Brigitte, Annabelle, Freundin und wie sie alle heissen – ab und zu werfe ich einen Blick in solche Zeitschriften, wenn sie beim Frisör oder in der Zahnarztpraxis aufliegen. Doch allzu lange vermögen sie mein Interesse nicht zu fesseln. Ganz anders, wenn da ein Geo Wissen liegt – da kann ich die bevorstehende Zahnuntersuchung glatt vergessen. Forschungsergebnisse, neue Erkenntnisse insbesondere zu psychologischen oder soziologischen Themen, Studien zu irgendeinem Teilaspekt des Zusammenlebens, das fesselt mich im Nu. Da werde ich wach und lebendig.

Seit ich mich intensiver mit Frauenfragen beschäftige, hat sich ein weites Feld an Forschungsergebnissen, Diskussionen, Meinungen, Fakten und Hypothesen eröffnet. Nur schon was als “weiblich” gilt, ist nicht mehr so klar. Vieles von dem, was wir als solches bezeichnen, ist anerzogen und kulturell überformt. Teilweise herrschen richtige “Glaubenskriege” zwischen den Anhängern einzelner Positionen – und natürlich den Anhängerinnen, denn auch punkto gendergerechter Sprache tobt so mancher Kampf. So sehr mich die Inhalte interessieren und auch zu fesseln vermögen, stellt sich dann und wann ein Überdruss ein. Können wir nicht einfach leben, muss es so anstrengend, kompliziert und verwirrend sein?

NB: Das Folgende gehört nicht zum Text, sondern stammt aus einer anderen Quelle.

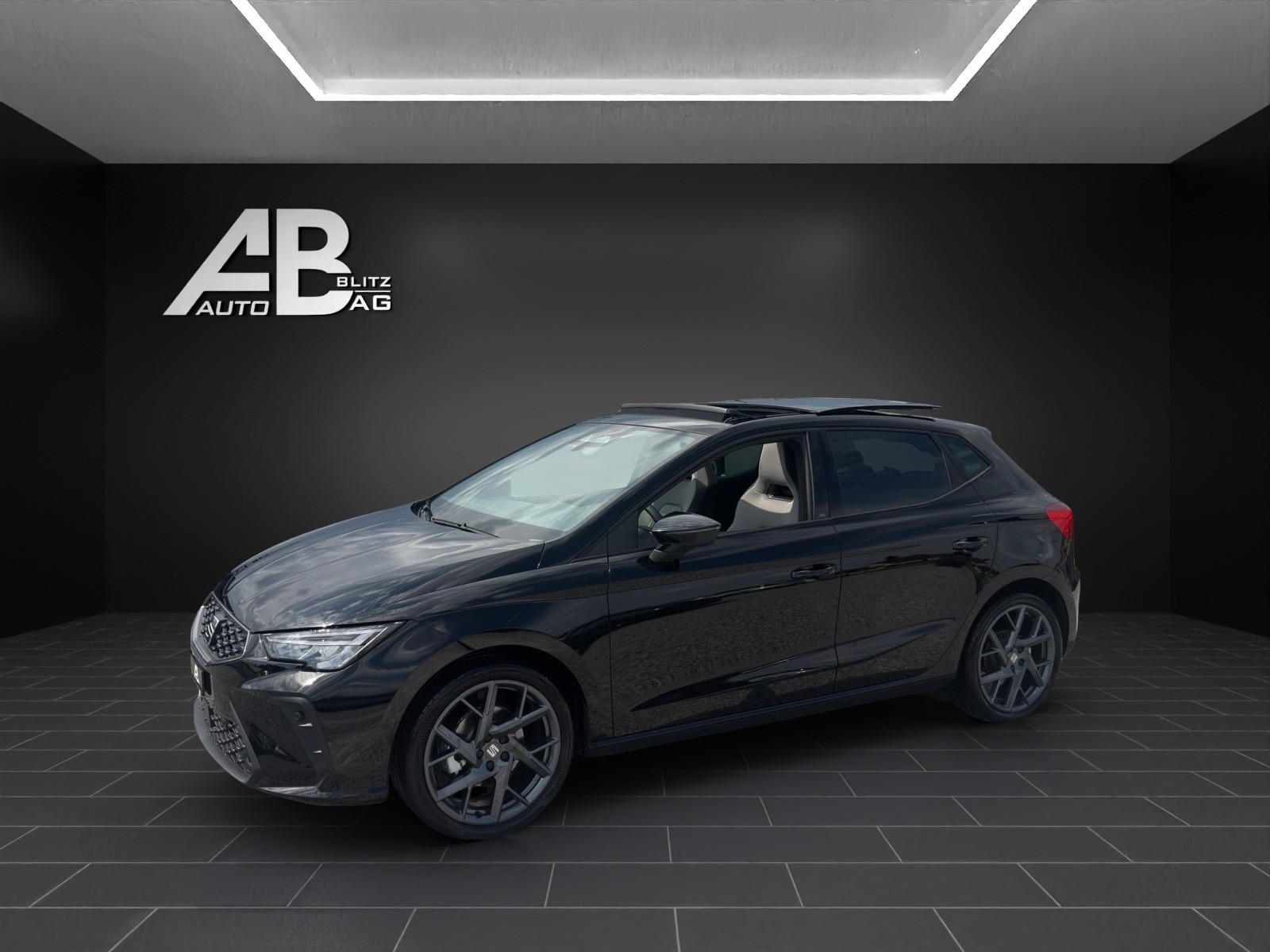 SEAT Ibiza 1.5 EcoTSI FR DSG mit 150 PS * Panoramadach *-showroom-element-1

Das sind die Momente, in denen sich bewahrheitet, was Paulus den Korinthern schrieb. Sie waren in vielen Lebensfragen mit kontroversen Meinungen konfrontiert. Die gesellschaftlichen Gepflogenheiten punkto Ehe, Familienleben oder der Umgang mit Götzenopferfleisch forderten sie heraus, einen evangeliumsgemäßen Weg zu beschreiten. Es war nicht eindeutig, wie der aussieht. Paulus gab ihnen einen Rat, der mich neulich getroffen, aber auch richtungsweisend erleichtert hat:

 »Wir alle wissen doch in dieser Sache Bescheid«, sagt ihr, und damit habt ihr sicher Recht. Aber bloßes Wissen macht überheblich. Was uns wirklich voranbringt, ist die Liebe. Wenn sich jemand etwas auf sein Wissen einbildet, weiß er noch gar nicht, was es bedeutet, echtes Wissen zu haben. Echtes Wissen ist nur bei dem zu finden, der Gott liebt; denn wer Gott liebt, weiß, dass Gott ihn kennt und liebt. 1. Kor. 8, 1-3 (NGÜ)

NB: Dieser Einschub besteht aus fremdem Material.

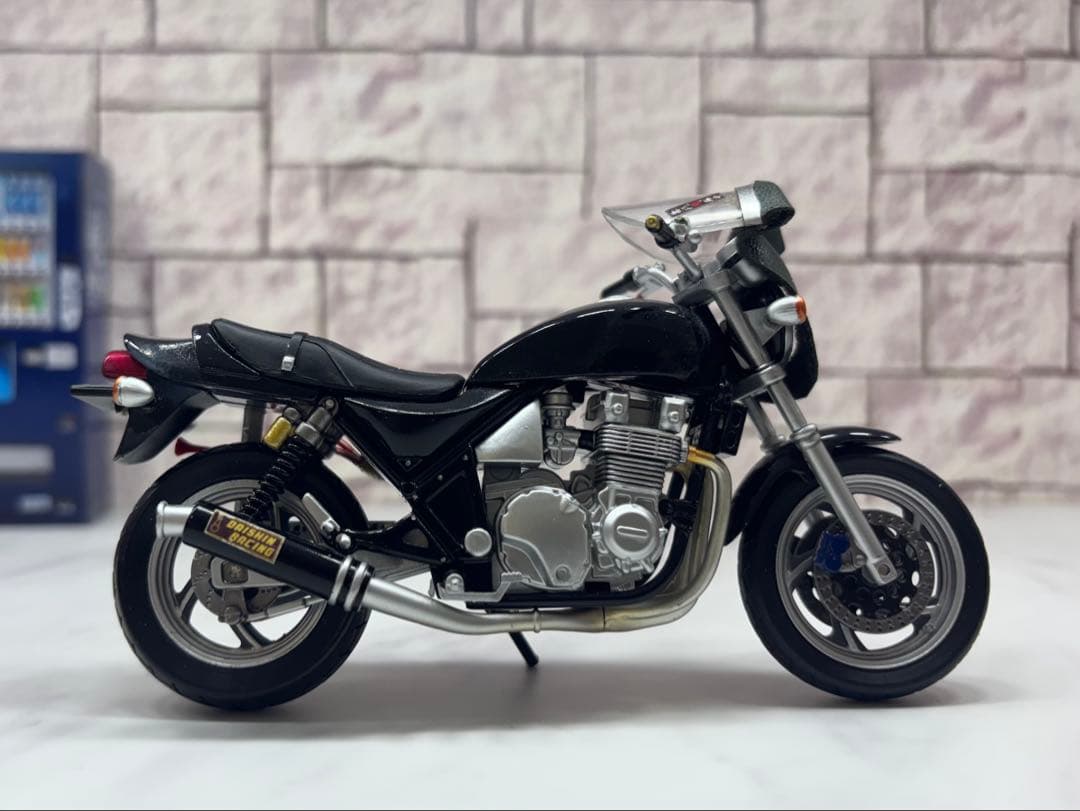 1/18ミニカー　ゼファー改　族仕様　フィギュア付き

Ich höre deswegen nicht auf, Studien zu lesen. Denken und Glauben schließen einander nicht aus, sondern befruchten sich gegenseitig. Aber wenn die Sache in Richtung Erkenntnis kippt und die simple, kindlich-vertrauensvolle Beziehung zu Gott abhanden kommt, stehen Arroganz und Überheblichkeit vor der Tür. Mit Leichtigkeit treten sie in unser Lebenshaus ein und verhärten unser Herz. Mit dieser Hartherzigkeit begegnen wir dann anderen Menschen, Gott und auch uns selbst. So kann es passieren, dass ich vielleicht in der Sache Recht habe, aber weil die Liebe fehlt, liege ich gleichwohl völlig daneben. Da will ich Gegensteuer geben.

Wie soll das gehen? Ich versuche, mich an Paulus zu halten, der Wissen mit Liebe ersetzt. Weil die Liebe zusammen mit dem Heiligen Geist in unser Herz gegossen wird, ist es ein simples Gebet, das die Richtung weist. “Heiliger Geist, komm und erfülle mich!” Was dann geschieht entzieht sich menschlichen Vernünfteleien. Und doch ist es das Tor, durch das innere Klarheit, Hoffnung, Freude und Liebe einzieht. Das wäre doch ein ideales Gebet für die Adventszeit.